# NumPy
The NumPy package implements large multi-dimensional arrays and matrices and operations over those structures. These are important for data analysis, making NumPy essential in data analytical work with Python.

Importing NumPy with a shorter alias makes it easier to refer to in code:

In [8]:
import numpy as np

## The NumPy array

A NumPy array can be **created** from an ordinary Python list:

In [11]:
ages = [12, 17, 21, 25, 81]
np_ages = np.array(ages)
print(type(np_ages))  # print the type of the created NumPy array

<class 'numpy.ndarray'>


**Operations** are performed **array-wise** on NumPy arrays (on each member of the array).

In [12]:
print(np_ages + 1)

[13 18 22 26 82]


Trying the same on a list causes an error:

In [13]:
print(ages + 1)

TypeError: can only concatenate list (not "int") to list

All elements in a NumPy array must be of the same type. If not, they are **coerced** to one type:

In [18]:
ages2 = ages
ages2[1] = "18"
np_ages2 = np.array(ages2)
print(ages2)
print(np_ages2)

[12, '18', 21, 25, 81]
['12' '18' '21' '25' '81']


In the example above, the list had a single string among numbers, which was enough for all the elements to be coerced to a string 
during the creation of a NumPy array. 

With NumPy arrays, **subsetting** works exactly the same as with Python lists:

In [22]:
print(np_ages)
print(np_ages[:3])

[12 17 21 25 81]
[12 17 21]


## The 2D NumPy array

This can be **created** from a Python list of lists.

In [26]:
ages_and_heights = [[12, 150],
                    [17, 165],
                    [21, 172],
                    [25, 170],
                    [81, 180]]
np_ages_and_heights = np.array(ages_and_heights)
print(np_ages_and_heights)
print(type(np_ages_and_heights))

[[ 12 150]
 [ 17 165]
 [ 21 172]
 [ 25 170]
 [ 81 180]]
<class 'numpy.ndarray'>


Getting **dimension information** about the array (number of rows and number of columns):

In [28]:
print(np_ages_and_heights.shape)

(5, 2)


**Subsetting** a 2D array is similar to subsetting a one-dimensional array. The subset for each dimension is specified, with a comma in between. Rows are specified first, columns last:

In [32]:
print(np_ages_and_heights[1:-1, 1])    # we want the subset to contain all rows except the first and the last 
                                      # and we want it to contain only the height column (index 1)

[165 172 170]


**Operations** on 2D arrays are, again, applied array-wise. However, if there is more than one column, the other operand can be a 1D array of the same size as the row. 

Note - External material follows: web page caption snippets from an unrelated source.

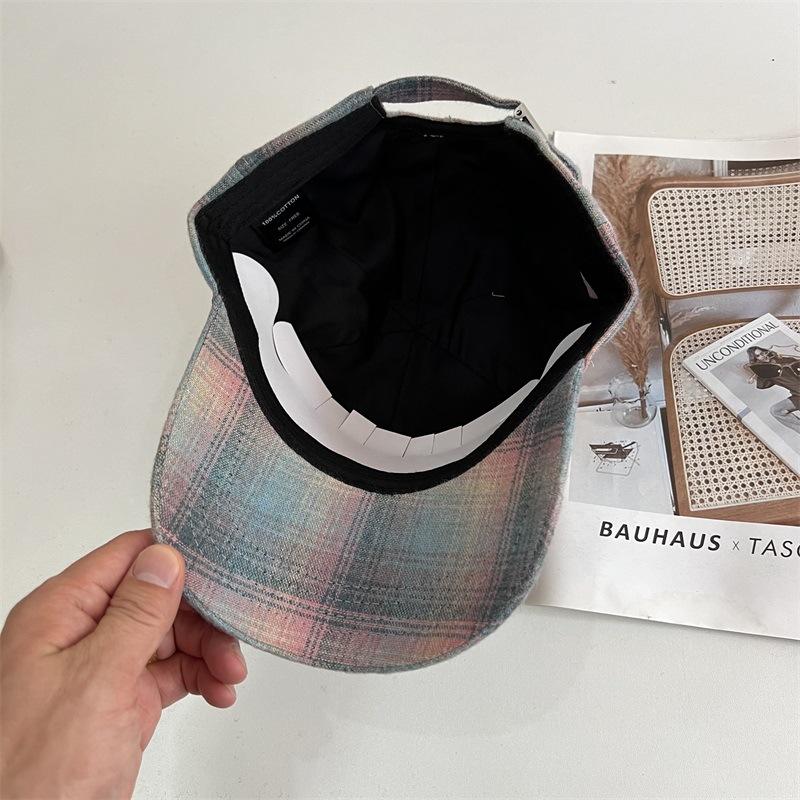 Classic Plaid Gradual Change Cap Children's Fashion Retro Street Style Casual Versatile Blue Baseball Cap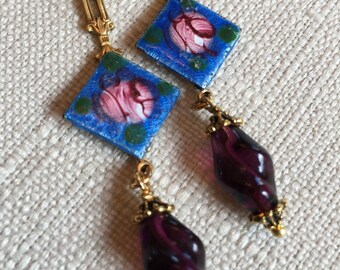 Vintage Guilloche Enamel and Purple Glass Pendant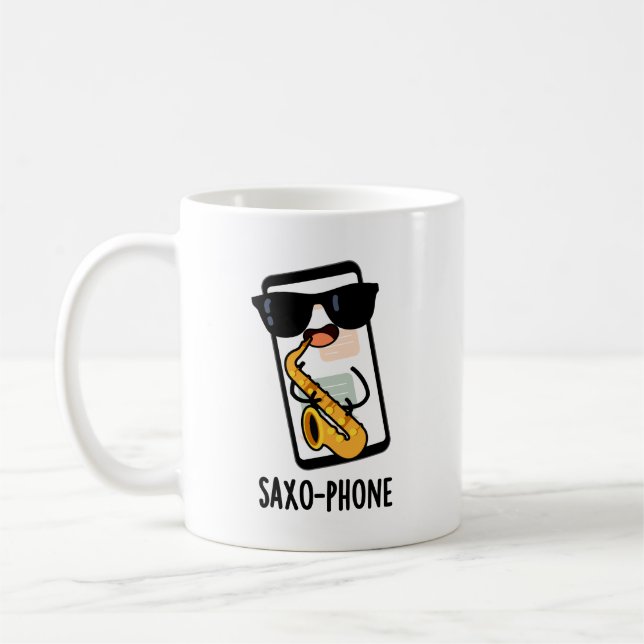 Taza De Café Saxo-phone Funny Cellphone Puns (Izquierda)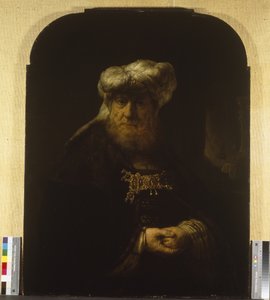 Um homem com fato oriental, cerca de 1639 (óleo sobre painel de madeira) de Rembrandt Harmensz. van Rijn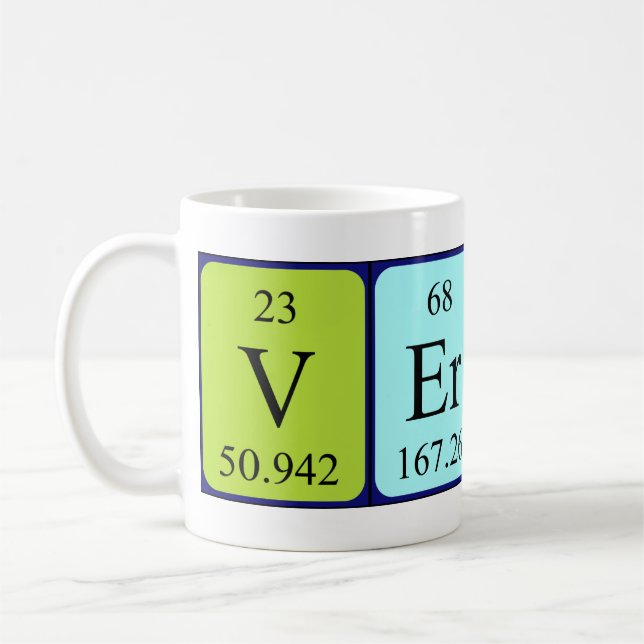 Vernice periodic table name mug (Left)
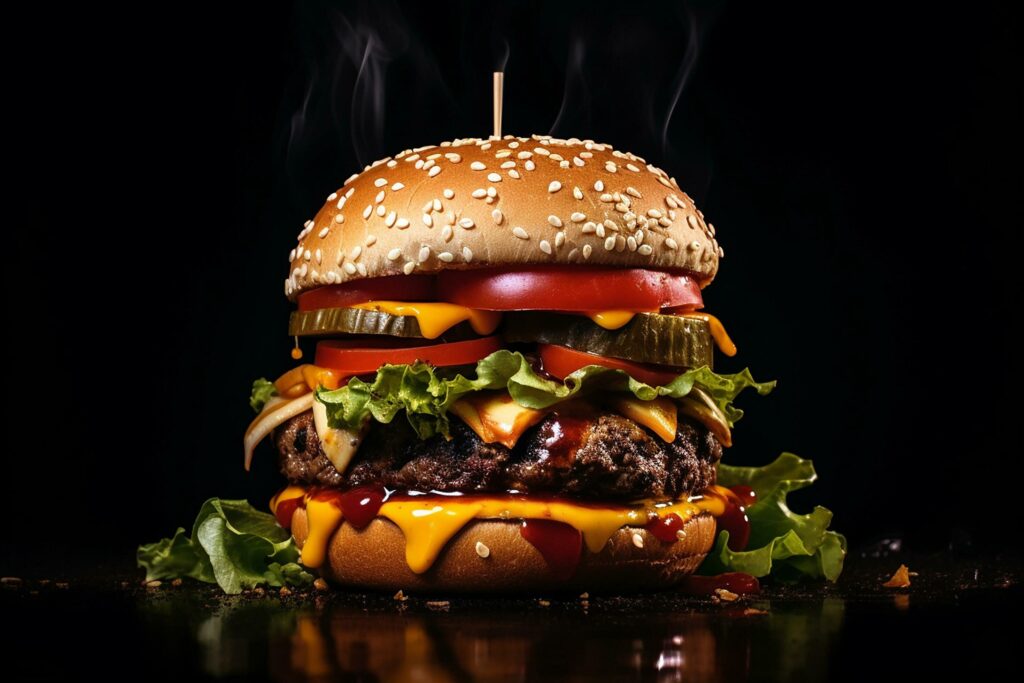 Tasty burger on the wooden board with dark lighting and black background. Food and delivery concept. Generative AI Stock Free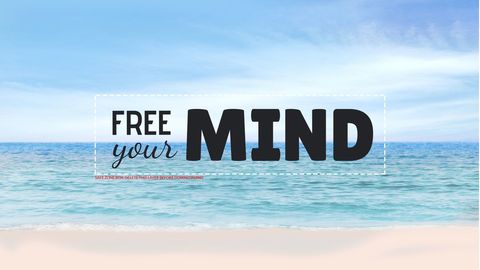 Free Your Mind Text on Peaceful Beach Background - Download Free Stock Templates Pikwizard.com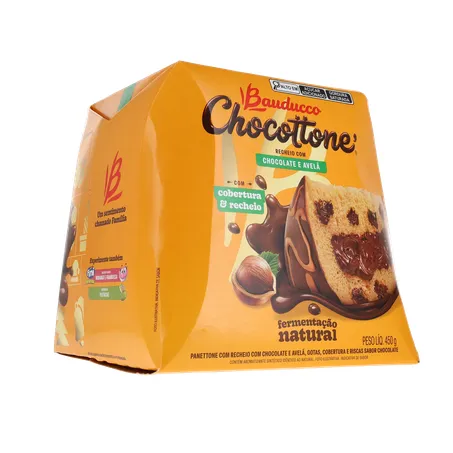 Panettone Bauducco Chocolate e Avelã Caixa 450gr 360-33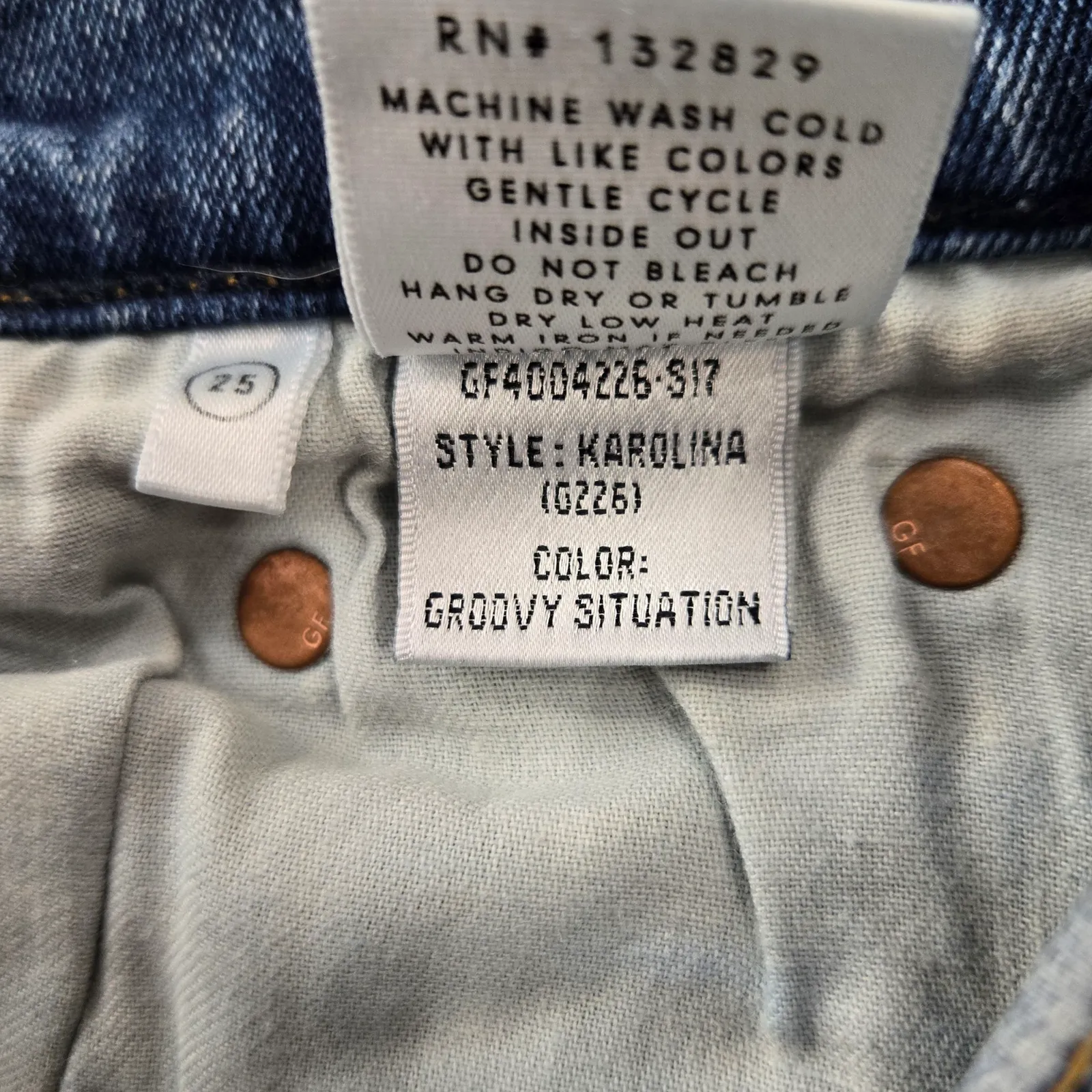 GRLFRND Karolina High-Rise Straight Jeans Groovy Situation Size 25 Made in USA - Image 7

In our example, we could perform a conversion: age years to months and height centimeters to meters. The conversion factors are 12 and 0.1 and we use an array with these two values as the multiplier.

In [35]:

np_ages_and_heights * np.array([12, 0.01])

array([[ 144. ,   15. ],
       [ 204. ,   16.5],
       [ 252. ,   17.2],
       [ 300. ,   17. ],
       [ 972. ,   18. ]])

Because we have introduced a real number value (0.1), the whole 2D array is coerced to `float`.

In [37]:
type(np_ages_and_heights * np.array([12, 0.1]))

numpy.ndarray

# Basic statistics with NumPy

With the arrays, NumPy provides functions for the processing of data contained in them.

Let's start by calculating the mean, median and standard deviation of the heights in our array.

In [42]:
print(np.mean(np_ages_and_heights[:,0]))
print(np.median(np_ages_and_heights[:,0]))
print(np.std(np_ages_and_heights[:,0]))

31.2
21.0
25.2697447553


Now we use the correlation function to see if there is a correlation between heights and ages.

In [2]:
print(np.corrcoef(np_ages_and_heights[:,0], np_ages_and_heights[:,1]))

NameError: name 'np' is not defined